The PFA algorithm is a durable SAR imaging algorithm with the advantages of being simple and efficient, particularly suitable for small scenes, high-resolution imaging and the like, data are stored in a polar coordinate format, RCM of a scattering point at a non-scene center can be partially eliminated except that RCM of a scene center is completely offset, interpolation needs to be carried out on an image before formatting in the processing process, and calculated amount is increased.
Disclosure of Invention
In view of the above disadvantages of the prior art, an object of the present invention is to provide a radar imaging optimization method based on a polar coordinate format, which has an imaging effect similar to that of a BP algorithm and has a lower calculation amount compared to the BP algorithm.
In order to achieve the technical purpose, the invention is realized by adopting the following technical scheme.
A radar imaging optimization method based on a polar coordinate format comprises the following steps:
step 1, radar echo signal data are obtained, the radar echo signal data are two-dimensional matrixes and are recorded as nrn multiplied by nan dimensional matrixes to be processed S, fast Fourier transform FFT processing is carried out on the nrn multiplied by nan dimensional matrixes to be processed S according to columns, and then radar echo signal data matrixes processed through FFT processing according to the columns are obtained;
wherein nrn represents the number of range direction sampling points of the radar echo signal data, and nan represents the number of azimuth direction sampling points of the radar echo signal data; nrn and nan are each positive integers greater than 0;
step 2, calculating to obtain a reference signal vector S according to radar echo signal dataref;
Step 3, distance pulse pressure processing is carried out on the radar echo signal data matrix after FFT processing according to the columns, and then a radar echo signal data matrix after distance pulse pressure is obtained, wherein the radar echo signal data matrix after distance pulse pressure is an nrn multiplied by nan dimensional matrix;
initializing, constructing an M multiplied by N dimensional scene, wherein the M multiplied by N dimensional scene comprises M multiplied by N points, and the coordinate of the ith point is marked as (α)l,βl),l=1,2,...,M×N,αlIndicating the distance of the ith point in the M × N dimensional scene in a polar coordinate, β l indicating the angle of the ith point in the M × N dimensional scene in the polar coordinate, wherein the initial value of l is 1, and M, N are positive integers greater than 0 respectively;
step 4, calculating a compensation phase factor phi corresponding to the coordinate of the ith point (α)l,βl) Then, nrn × nan data in the radar echo signal data matrix after pulse pressure are multiplied by the phase compensation factor phi corresponding to the coordinate of the point I (α)l,βl) Then, point-by-point accumulation is carried out, and coordinates in the scene with the dimension of M multiplied by N are obtained (α)l,βl) Amplitude value S offinal(αl,βl);
Step 5, adding 1 to l, and repeatedly executing step 4 until obtaining coordinates in the scene with the dimension of M multiplied by N (α)M×N,βM×N) The magnitude of the scene, and coordinates in the M × N-dimensional scene obtained at this time (α)1,β1) To coordinates in an M x N dimensional scene (α)M×N,βM×N) The amplitude value is recorded as the final SAR image SfinalThe final SAR image SfinalIs an M × N dimensional matrix.
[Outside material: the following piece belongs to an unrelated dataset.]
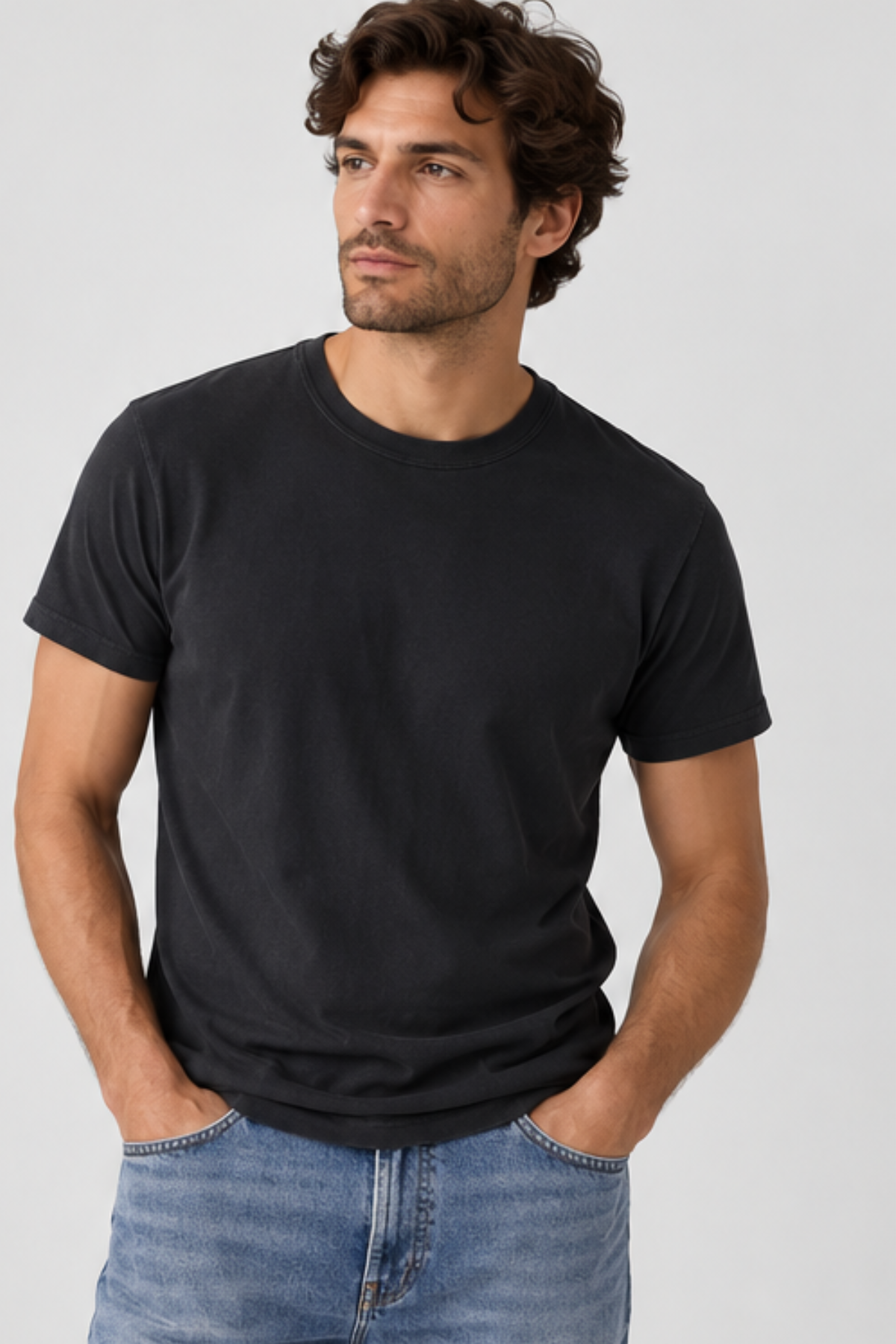 Citizens of Humanity Men's Everyday Short Sleeve Tee - Slate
The invention has the beneficial effects that: the method has small geometric distortion, adopts two-dimensional FFT to replace interpolation operation for the image before polar coordinate formatting, greatly reduces the calculated amount of the algorithm, simultaneously has no loss of resolution ratio in a polar coordinate system of the method, has low correlation degree among expansion forms of the images, is beneficial to parallel realization, and has imaging quality comparable to that of a BP algorithm.
Drawings
The present invention will be described in further detail with reference to the accompanying drawings and specific embodiments.
FIG. 1 is a flow chart of a polar coordinate format-based radar imaging optimization method of the present invention;
FIG. 2 is a graph of imaging results obtained using the method of the present invention;
FIG. 3 is a graph of measured data imaging results of the present invention.
Detailed Description
Referring to fig. 1, it is a flowchart of a radar imaging optimization method based on polar coordinate format according to the present invention; the radar imaging optimization method based on the polar coordinate format comprises the following steps:
step 1, radar echo signal data are obtained, wherein the radar echo signal data are two-dimensional matrixes and are recorded as an nrn multiplied by nan dimensional matrix S to be processed, the nrn multiplied by nan dimensional matrix S to be processed is subjected to column-based Fast Fourier Transform (FFT) processing, namely, each row of the nrn multiplied by nan dimensional matrix S to be processed is respectively subjected to FFT processing, and then a radar echo signal data matrix after the column-based FFT processing is obtained; wherein the radar is a Synthetic Aperture Radar (SAR).
Wherein nrn represents the number of range direction sampling points of the radar echo signal data, and nan represents the number of azimuth direction sampling points of the radar echo signal data; nrn and nan are each positive integers greater than 0.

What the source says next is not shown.